# DATASET EXTRACT
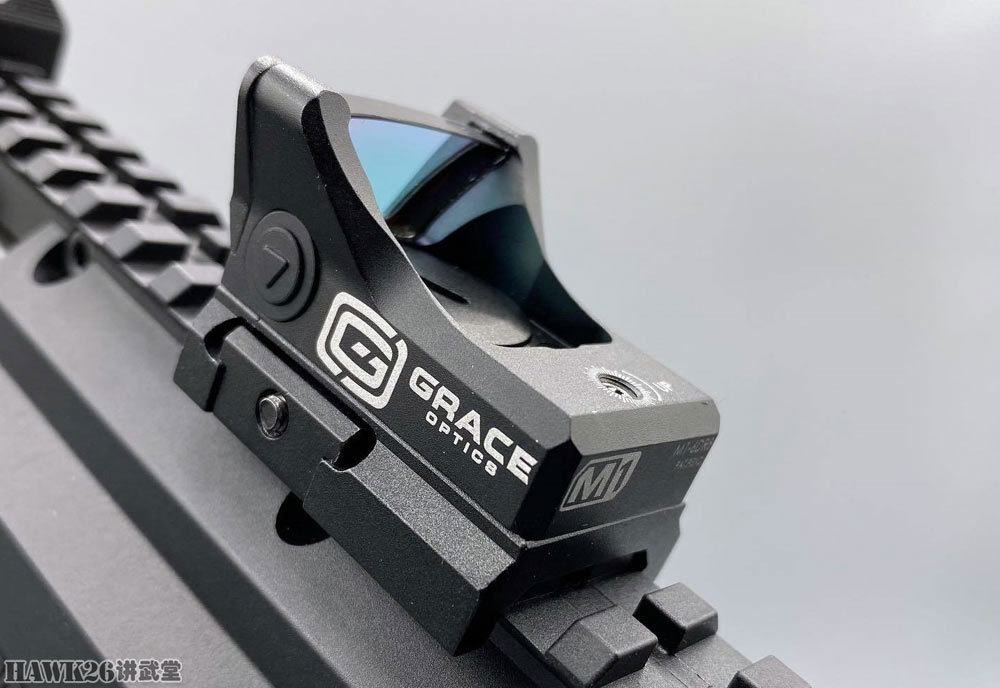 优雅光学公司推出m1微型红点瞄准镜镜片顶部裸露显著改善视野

==

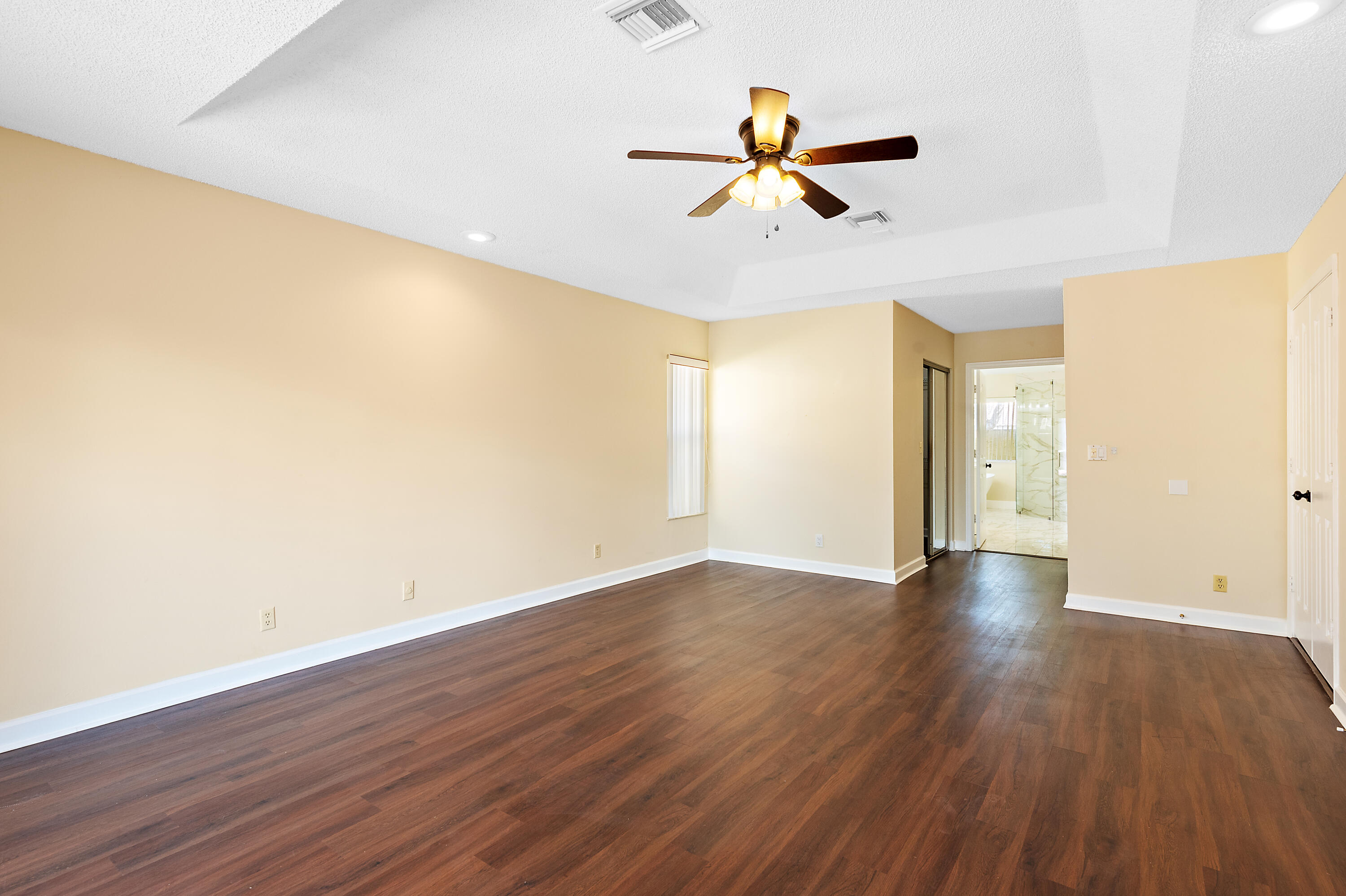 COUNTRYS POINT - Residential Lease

==

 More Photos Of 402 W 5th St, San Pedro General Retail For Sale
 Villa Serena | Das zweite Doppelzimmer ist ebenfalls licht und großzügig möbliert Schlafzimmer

# DIRECTIONS
Your task is to restate, word for word, only those lines above that fall between the line holding "More Photos Of" and the line holding "Villa Serena |", inclusive.

# EXERCISE ANSWER
 More Photos Of 402 W 5th St, San Pedro General Retail For Sale
 Villa Serena | Das zweite Doppelzimmer ist ebenfalls licht und großzügig möbliert Schlafzimmer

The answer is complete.